#### Problem to work on:
Word for word, restate the lines of the data below between those holding "Brad de Crăciun" and "CCY Ready Stock", inclusive; pictures do not belong in the copy.

#### Crawled caption data:
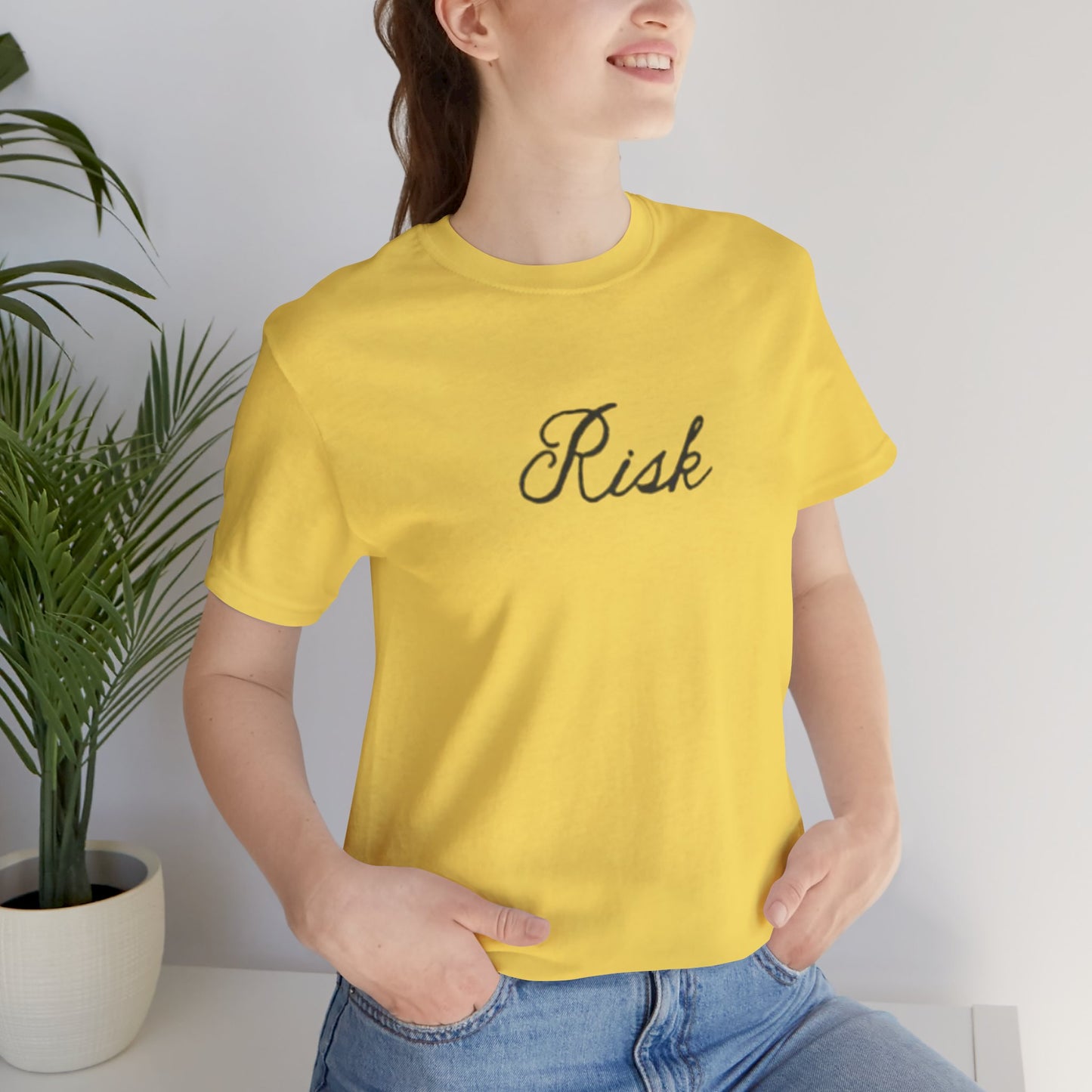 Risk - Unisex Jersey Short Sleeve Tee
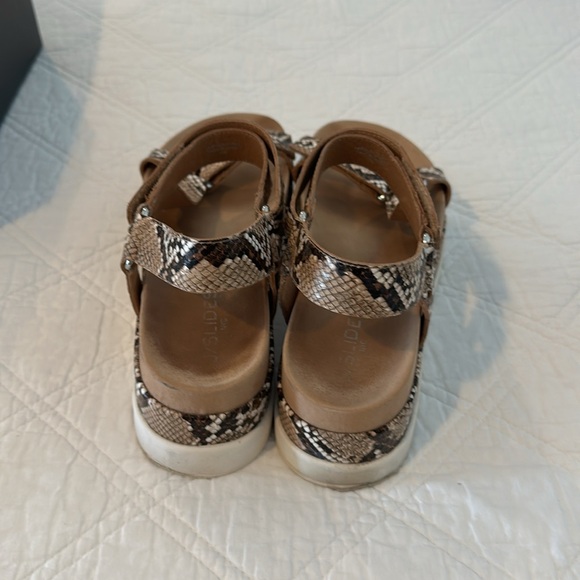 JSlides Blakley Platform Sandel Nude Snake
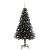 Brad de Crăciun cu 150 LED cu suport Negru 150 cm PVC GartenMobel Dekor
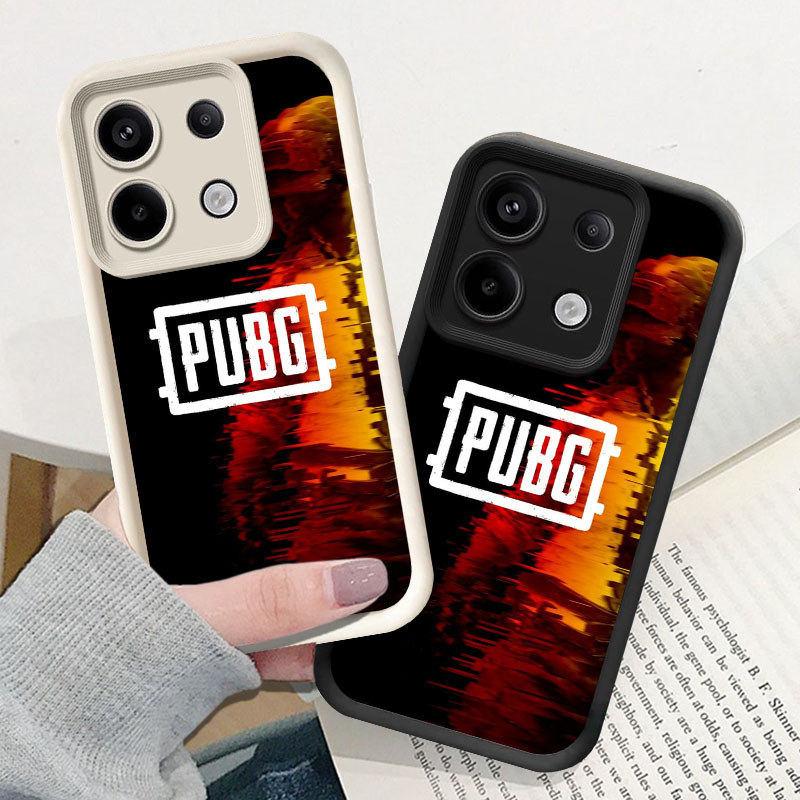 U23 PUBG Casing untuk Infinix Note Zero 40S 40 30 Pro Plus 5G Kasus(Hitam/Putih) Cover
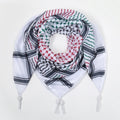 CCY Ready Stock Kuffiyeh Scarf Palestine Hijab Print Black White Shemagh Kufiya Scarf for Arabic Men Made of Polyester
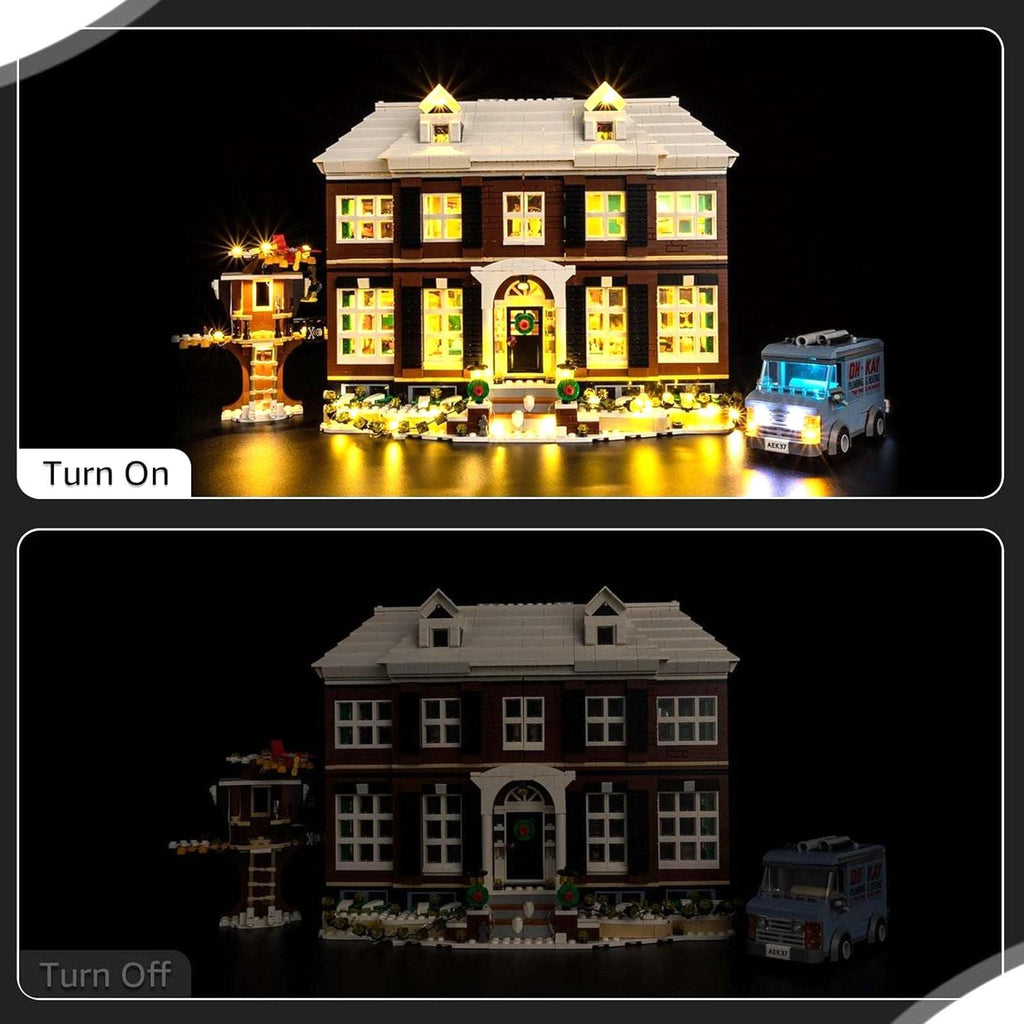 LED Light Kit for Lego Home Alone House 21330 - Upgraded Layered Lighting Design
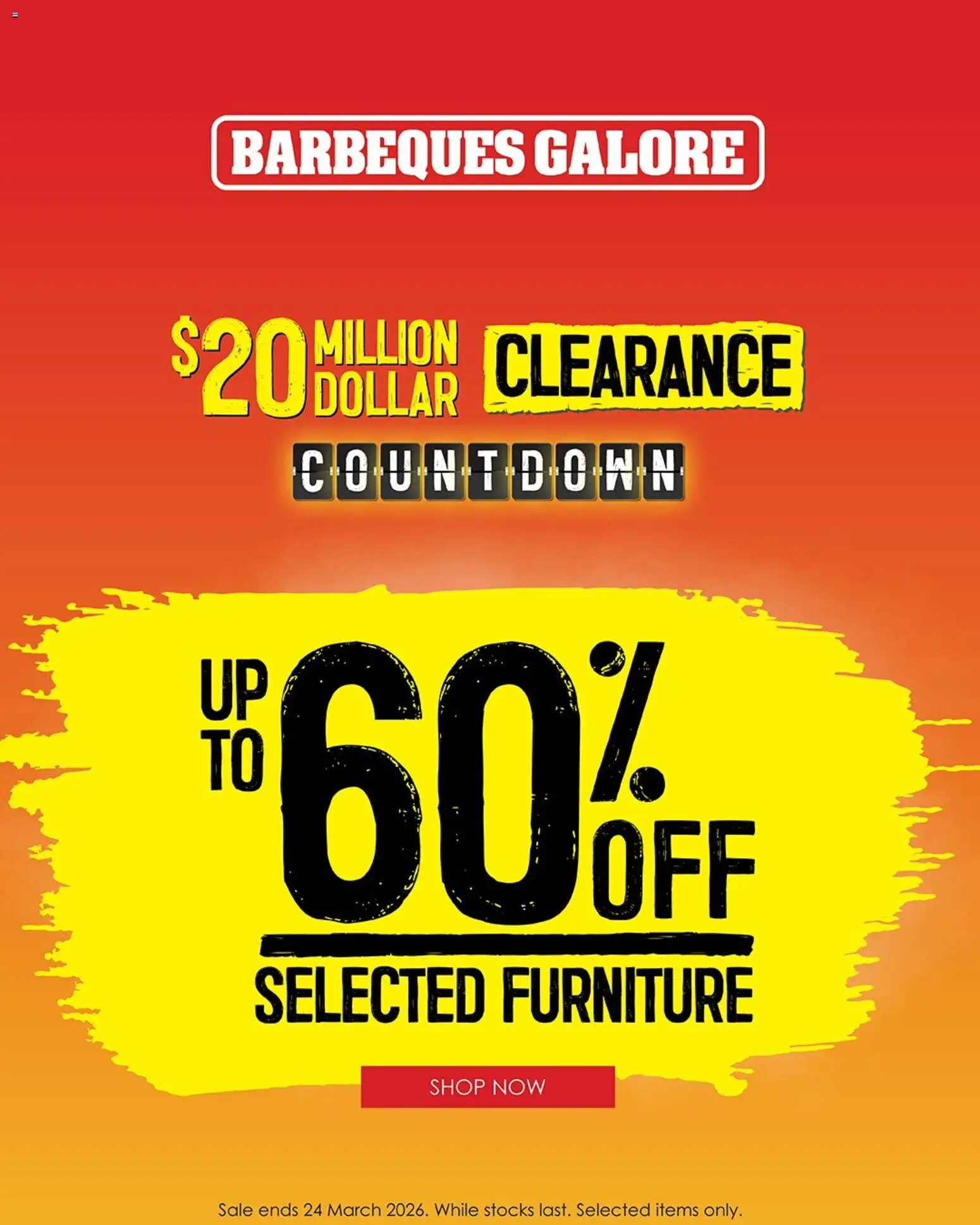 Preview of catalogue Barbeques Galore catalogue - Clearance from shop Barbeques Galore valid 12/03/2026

#### Exercise answer:
 Brad de Crăciun cu 150 LED cu suport Negru 150 cm PVC GartenMobel Dekor
 U23 PUBG Casing untuk Infinix Note Zero 40S 40 30 Pro Plus 5G Kasus(Hitam/Putih) Cover
 CCY Ready Stock Kuffiyeh Scarf Palestine Hijab Print Black White Shemagh Kufiya Scarf for Arabic Men Made of Polyester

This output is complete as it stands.